Through repeated usage, the canvas has matured and strengthened its value. In this article I will outline key learnings to help people navigate through the nine key 'decodes' that make up the Cultural Canvas.

(The term 'decode' is taken from theorist Stuart Hall, and refers to obtaining, absorbing, understanding and using visual and verbal data)

Use culture as a Swiss Army knife

Culture can be thought about as a toolkit. It emerged from the arts and humanities, which makes it unique and perfect for making sense of complex situations.

The Cultural Canvas is an attempt to write an instruction manual for these cultural tools.

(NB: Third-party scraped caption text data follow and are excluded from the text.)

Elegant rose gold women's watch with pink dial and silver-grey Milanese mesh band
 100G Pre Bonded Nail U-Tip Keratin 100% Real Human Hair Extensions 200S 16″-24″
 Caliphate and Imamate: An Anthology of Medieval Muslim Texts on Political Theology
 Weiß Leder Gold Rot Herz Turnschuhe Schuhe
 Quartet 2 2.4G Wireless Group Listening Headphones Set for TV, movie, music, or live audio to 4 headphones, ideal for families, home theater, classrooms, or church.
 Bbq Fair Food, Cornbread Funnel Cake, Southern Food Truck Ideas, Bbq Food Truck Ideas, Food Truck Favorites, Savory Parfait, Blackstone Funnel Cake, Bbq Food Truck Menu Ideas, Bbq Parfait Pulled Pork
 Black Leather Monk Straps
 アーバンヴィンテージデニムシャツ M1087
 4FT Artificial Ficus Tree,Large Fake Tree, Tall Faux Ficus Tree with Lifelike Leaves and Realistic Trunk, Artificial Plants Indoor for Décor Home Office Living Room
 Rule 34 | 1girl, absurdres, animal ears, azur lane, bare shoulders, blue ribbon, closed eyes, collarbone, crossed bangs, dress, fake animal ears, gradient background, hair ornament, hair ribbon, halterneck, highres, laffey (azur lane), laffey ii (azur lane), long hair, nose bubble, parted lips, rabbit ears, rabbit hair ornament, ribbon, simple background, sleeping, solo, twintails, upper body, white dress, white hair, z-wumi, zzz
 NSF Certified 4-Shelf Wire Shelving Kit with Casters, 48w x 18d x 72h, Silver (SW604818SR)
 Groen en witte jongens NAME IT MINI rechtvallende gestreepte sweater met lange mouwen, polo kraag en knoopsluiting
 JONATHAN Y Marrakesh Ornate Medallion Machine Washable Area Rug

It's far from comprehensive - culture is always providing us with unimagined novelty. But it is a start. The diagram below sketches out how an organisation can use different aspects of culture to get closer to people:

How the Cultural Canvas helps with innovation and communication

It's important to remember that cultural insight, in order to be most effective, should work both ways. This means allowing it to reshape and modernise organisations. This type of cultural transformation is a necessary (and often overlooked) accompaniment to digital transformation:

How the Cultural Canvas challenges organisations

The nine aspects

There is a narrative to the nine aspects: from small scale things (personal identity) to larger things (global commerce). The below list provides a link and brief description of each aspect:

  • Identity: we start with the nucleus of cultural energy
  • Care: how we look after ourselves and others
  • Rhythm: shifts attention to patterns of motion and timing
  • Space: focuses on our lived environments ¬†
  • Style: expands our scope to trends and aesthetics
  • Media: looks at digital and analogue forms of communication
  • Globe: prompts us towards thinking internationally
  • Purpose: helps us work out what really matters
  • Commerce: ¬†thinking about business models

When using the canvas, each project will be different. Some might dial up the focus on 'style' and play down the 'globe' focus. There aren't rules here, only guidance and patterning. The process should be emergent. Allow the cultural group you are analysing to shape what happens.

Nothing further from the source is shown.